The last robot does what the engineers called the "marriage". The body arrives from top conveyer belts, while from the lower floor arrives the drive train. It consists of the engine, front suspension, drive shaft, and rear suspension. The two major pieces are mate together, and works just do the bolting.

After the "marriage" there's a few more things added. One is the fluids. These are done under vacuum to insure that there are no air bubbles. With fluids added, and customer specified wheel/tire combinations installed, the new car is complete, This occurs at a rate of one new 5er every 1.4 minutes.

This may come as a shock to M5 owners who think their cars are hand built at an //M factory. Well they are not. They are built on the same assembly line as the rest of the 5er series. There is one difference, however. After they are built, the M5s are pulled over to a special Quality Control area and more are carefully inspected then their normal 5er brethen.

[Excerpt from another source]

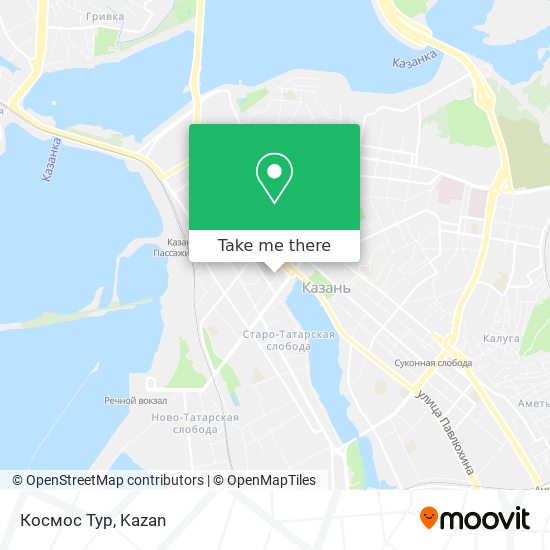 Космос Тур map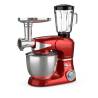 Robot de bucatarie Tesla KR600RA, 1000 W, 6 vitezebol inox 5 L, masina de tocat+blender, Rosu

While in this area, one of the BMW engineers asked me if I knew how to remove imperfections. Before I had a chance to respond, he offered a demo. They called one of the workers to demonstrate imperfection removal. A problem was that there were no cars in the area that needed such work. So he picked a random M5 and banged his fist against the hood causing a dent. He then proceeded to show how he could remove it to restore a perfect finish. I hope some doctor in Atlanta is not reading this and plans to use it in a law suite case against BMW.

The last part of the tour took us to the seat manufactoring area on the top floor. The BMW engineers pointed out that with all the variations in color and fabric material, there were over 100,000 combinations. Each one was built just in time to match the car in the assembly line below. BTW, seats for the 5er and 7er are built in Dingolfing, while those for the 3er are made in America.

Time running out, we went back to the senior engineer's office to exchange gifts. We got books (in German) on BMW history, and I gave several copies of the BMW CCA Roundel and local newsletters.

So that was my quickie tour. The BMW folk asked us to come early for lunch, but my working schedule didn't permit it. I really appreciate it that they arranged the tour to fit my limited free time. A test drive of the //M5 and factory tour squeezed into a limited time was a feat of engineering itself.